Zephaniah was talking about my God. Your God. Our God. He who takes GREAT DELIGHT in you. HE will REJOICE OVER YOU. It does not matter what a piece of crap you’ve been your whole life. It’s not too late. You might be unlovable to everyone you know, but not to Him. He will quiet you with His love. No one deserves this unconditional love. In fact, we all have done something specifically to be UNWORTHY of it. But He loves us in spite of what we’ve done. In spite of who we are.


This week we celebrated Naomi’s first birthday, Naomi’s first steps, Yaacov’s birthday, and Easter. It all makes me think back to the past. I can’t help myself. This time last year I was so tired from having a new baby, but there was so much promise for our future. We had all the normal goals and plans that people have. We didn’t even bother praying for our physical health because it was so far from our minds.

Now I’m consumed and preoccupied by health. Or lack thereof. I know God healed my metastases, but I don’t really know what that means. Did He leave the tumor just to make sure I could relate to other people who have to go through all the treatments? Or was it just to show me He’s listening and loves me but I’m still going to die? I will say that’s rhetorical, if I’ve learned anything through this process, it’s His answer to questions like that. If you’ve followed this blog from the beginning you can chant it with me, “Do not worry about tomorrow for tomorrow will worry about itself. Today brings enough troubles of its own.” Mth 6:34.

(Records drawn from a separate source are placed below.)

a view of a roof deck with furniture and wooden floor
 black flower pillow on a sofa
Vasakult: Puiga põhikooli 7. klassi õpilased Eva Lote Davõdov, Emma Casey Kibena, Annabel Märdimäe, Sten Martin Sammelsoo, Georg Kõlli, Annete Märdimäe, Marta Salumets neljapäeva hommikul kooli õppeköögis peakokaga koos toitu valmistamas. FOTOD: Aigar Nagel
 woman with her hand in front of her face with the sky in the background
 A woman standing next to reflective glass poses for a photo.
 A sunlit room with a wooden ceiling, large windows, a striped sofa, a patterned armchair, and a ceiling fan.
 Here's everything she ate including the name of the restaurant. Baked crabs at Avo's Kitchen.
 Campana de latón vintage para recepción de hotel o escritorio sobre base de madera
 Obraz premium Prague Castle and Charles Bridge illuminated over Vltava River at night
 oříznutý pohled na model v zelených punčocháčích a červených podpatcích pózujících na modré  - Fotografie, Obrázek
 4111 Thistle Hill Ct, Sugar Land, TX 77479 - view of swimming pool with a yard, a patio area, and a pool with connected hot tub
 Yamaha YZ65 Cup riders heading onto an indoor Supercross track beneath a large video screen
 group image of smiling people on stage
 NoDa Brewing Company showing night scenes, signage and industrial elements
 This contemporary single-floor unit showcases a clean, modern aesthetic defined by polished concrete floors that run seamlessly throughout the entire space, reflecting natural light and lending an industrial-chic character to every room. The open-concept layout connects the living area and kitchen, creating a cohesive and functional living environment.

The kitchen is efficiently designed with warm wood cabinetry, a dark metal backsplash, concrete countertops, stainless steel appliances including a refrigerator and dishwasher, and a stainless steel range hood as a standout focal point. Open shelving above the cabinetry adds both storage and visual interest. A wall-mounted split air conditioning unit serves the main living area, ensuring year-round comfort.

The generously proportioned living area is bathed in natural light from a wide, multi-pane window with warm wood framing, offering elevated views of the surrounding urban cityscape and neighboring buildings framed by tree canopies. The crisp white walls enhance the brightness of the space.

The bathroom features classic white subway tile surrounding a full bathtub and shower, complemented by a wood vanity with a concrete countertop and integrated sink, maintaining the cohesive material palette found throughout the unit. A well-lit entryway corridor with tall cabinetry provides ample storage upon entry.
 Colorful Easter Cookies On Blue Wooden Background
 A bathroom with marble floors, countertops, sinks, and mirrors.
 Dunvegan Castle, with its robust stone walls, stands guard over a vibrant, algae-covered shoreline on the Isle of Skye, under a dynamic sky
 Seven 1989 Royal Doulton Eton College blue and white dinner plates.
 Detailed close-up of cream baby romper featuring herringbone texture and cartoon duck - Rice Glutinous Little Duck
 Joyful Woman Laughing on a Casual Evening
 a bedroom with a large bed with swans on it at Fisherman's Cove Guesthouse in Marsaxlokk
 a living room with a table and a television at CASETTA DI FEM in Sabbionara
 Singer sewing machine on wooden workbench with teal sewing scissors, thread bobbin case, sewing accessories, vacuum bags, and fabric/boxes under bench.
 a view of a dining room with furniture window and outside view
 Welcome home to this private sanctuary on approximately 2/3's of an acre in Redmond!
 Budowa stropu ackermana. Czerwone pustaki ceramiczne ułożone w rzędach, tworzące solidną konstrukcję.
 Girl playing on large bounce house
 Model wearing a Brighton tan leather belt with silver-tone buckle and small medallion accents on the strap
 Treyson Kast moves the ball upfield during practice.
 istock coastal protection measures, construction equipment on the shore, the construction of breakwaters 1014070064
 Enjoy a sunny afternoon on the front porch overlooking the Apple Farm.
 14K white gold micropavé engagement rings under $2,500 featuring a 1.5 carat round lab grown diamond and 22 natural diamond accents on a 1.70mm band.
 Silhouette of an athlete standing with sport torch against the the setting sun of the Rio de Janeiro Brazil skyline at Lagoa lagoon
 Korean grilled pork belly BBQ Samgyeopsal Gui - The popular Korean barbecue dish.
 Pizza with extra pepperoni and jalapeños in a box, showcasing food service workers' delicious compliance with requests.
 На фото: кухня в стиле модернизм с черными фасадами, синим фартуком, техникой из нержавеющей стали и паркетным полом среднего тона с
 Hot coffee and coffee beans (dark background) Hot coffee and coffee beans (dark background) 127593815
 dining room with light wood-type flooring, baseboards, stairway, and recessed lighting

I didn’t have much time to process the BRCA1 (genetic mutation) issue that caused my cancer in the beginning. Unfortunately, I found that time recently. I’ve been trying to figure out whether I can wait a bit before having my ovaries removed, but instead I keep finding bad news about the kind of cancer I have and what my girls will be faced with. All I can do about that is pray they won’t have the gene and that treatments will return by then.

I’m meeting my radiologist Thursday, but if things go as expected I’ll have surgery in 7 weeks, then start radiation after that. I won’t be able to have the immediate reconstruction anymore. It could be up to 2 more years before the reconstruction, which I’m struggling with. Just one week ago I thought I’d be entirely done with cancer treatment in less than a month, so this is another downer. However, at the start of this no one would have promised me a reconstruction because they figured I’d be dead by then. But this is such a whirlwind these are just the things I use to convince myself to be happy. It’s a little harder than I wish.

Anyway, all this ties in to Easter (oh, right, this is one day I shouldn’t be talking about myself!), and the reminder of what I need to do. When the disciples noticed they were out of food to feed people, they started trying to figure out what to do. Didn’t occur to them to go straight to the source. Jesus said, “Why are you discussing that you do not have any bread? Do you not yet understand or comprehend? Is your heart hardened? Do you have eyes, and not see, and do you have ears, and not hear? And DO YOU NOT REMEMBER? When I broke the five loaves for the 5,000, how many baskets full of pieces of bread did you collect?” Mark 8:17-19.

I need to remember. Remember the sacrifice He made 2000 years ago. Remember the healing He did for me 2 months ago. And everything in between. He is the great I AM, who is the same yesterday, today, and tomorrow. He is unchangeable, unbreakable, slow to anger, loving, and gentle. He is the God I worship and will honor, no matter what the cost.